In plain English, it measures how much better the classifier is, compared to guessing with the target distribution.
A: What value of Cohen's kappa is strong depends on several factors including for example, the number of categories or codes that are used affects kappa$^1$ and the probability that each code will be populated. 

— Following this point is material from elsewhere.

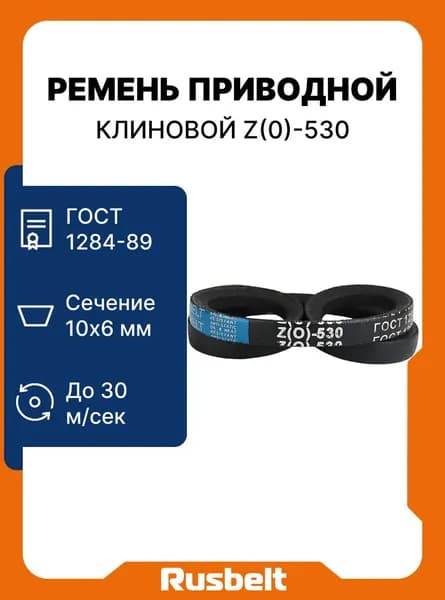 Ремень приводной клиновой RUSBELT профиль Z(О)-530 Lp / 510 Li ГОСТ 1284-89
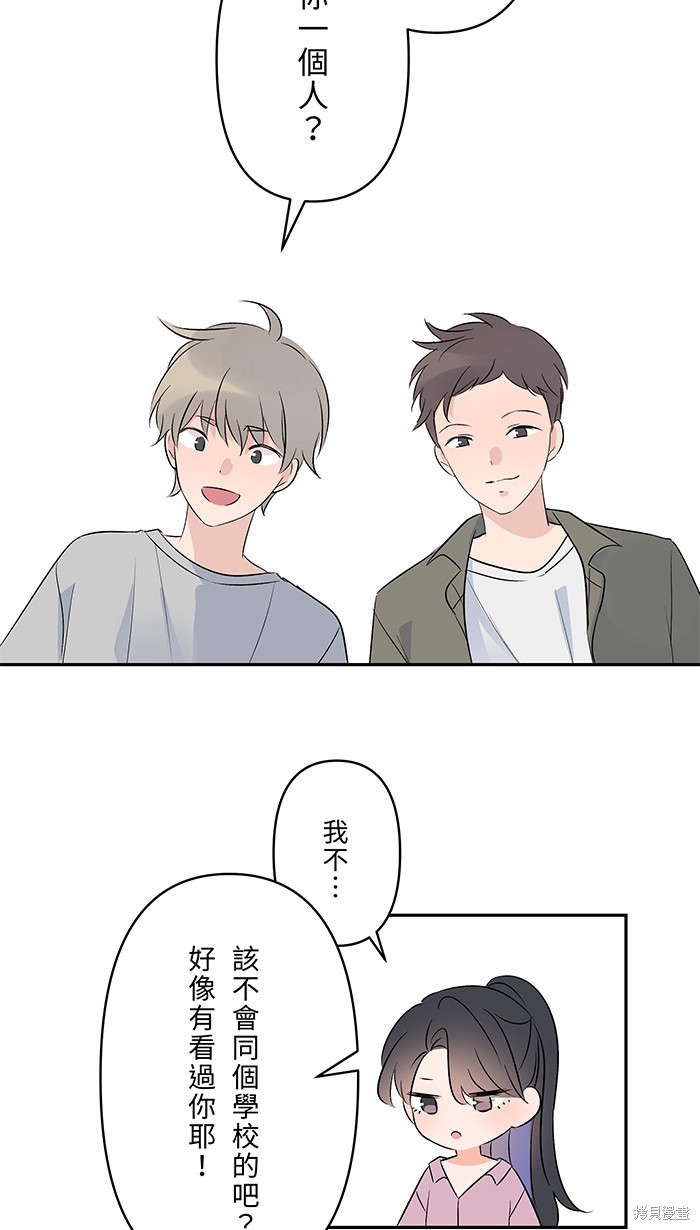 两个他如何攻陷 第87话 第47页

"For example, given equiprobable codes and observers who are 85% accurate:

value of kappa   number of codes
0.49             2
0.60             3 
0.66             5 
0.69             10"

Now, what if we do not have equiprobable codes but have different "base rates"?
For two codes the kappa plots from Bruckner et al. would look like  
...Nonetheless (... continuing Wikipedia quote), magnitude guidelines have appeared in the literature. Perhaps the first was Landis and Koch, who characterized values 
 <0 as indicating no agreement
 0.00–0.20 as slight, 
 0.21–0.40 as fair, 
 0.41–0.60 as moderate, 
 0.61–0.80 as substantial, and 
 0.81–1 as almost perfect agreement. 

This set of guidelines is however by no means universally accepted; Landis and Koch supplied no evidence to support it, basing it instead on personal opinion. It has been noted that these guidelines may be more harmful than helpful. Fleiss's equally arbitrary guidelines characterize kappas over 
>0.75 as excellent, 
 0.40 to 0.75 as fair to good, and 
<0.40 as poor."

(end Wikipedia quote) 
For a (hard to find) upgrade of the FalliObs Windows program to account for the number of codes originally offered by Bakeman et al.$^1$ follow link to ComKappa3. The program description$^2$ relates that the standard error of kappa can be estimated, allowing  the obtained kappa  to  be tested for significance against a null distribution (Bakeman & Gottman, 1997; Fleiss, Cohen, & Everitt,  1969). For further reading for other kappa measures see ANALYSIS OF BEHAVIORAL STREAMS.
Also see Using Cohen's kappa statistic for evaluating a binary classifier for a similar question.
1 Bakeman, R.; Quera, V.; McArthur, D.; Robinson, B. F. (1997). "Detecting sequential patterns and determining their reliability with fallible observers". Psychological Methods. 2: 357–370. doi:10.1037/1082-989X.2.4.357
2 Robinson BF, Bakeman R. ComKappa: A Windows’ 95 program for calculating kappa and related statistics. Behavior Research Methods. 1998;30:731-2.
A: to answer your question (in plain english :-) ): 

How does Kappa help in evaluating the prediction performance of classifiers? What does it tell?!!

You should consider the kappa as a measure of agreement between 2 individuals such that the result can be interpreted as:
Poor agreement = 0.20 or less
Fair agreement = 0.20 to 0.40
Moderate agreement = 0.40 to 0.60
Good agreement = 0.60 to 0.80
Very good agreement = 0.80 to 1.00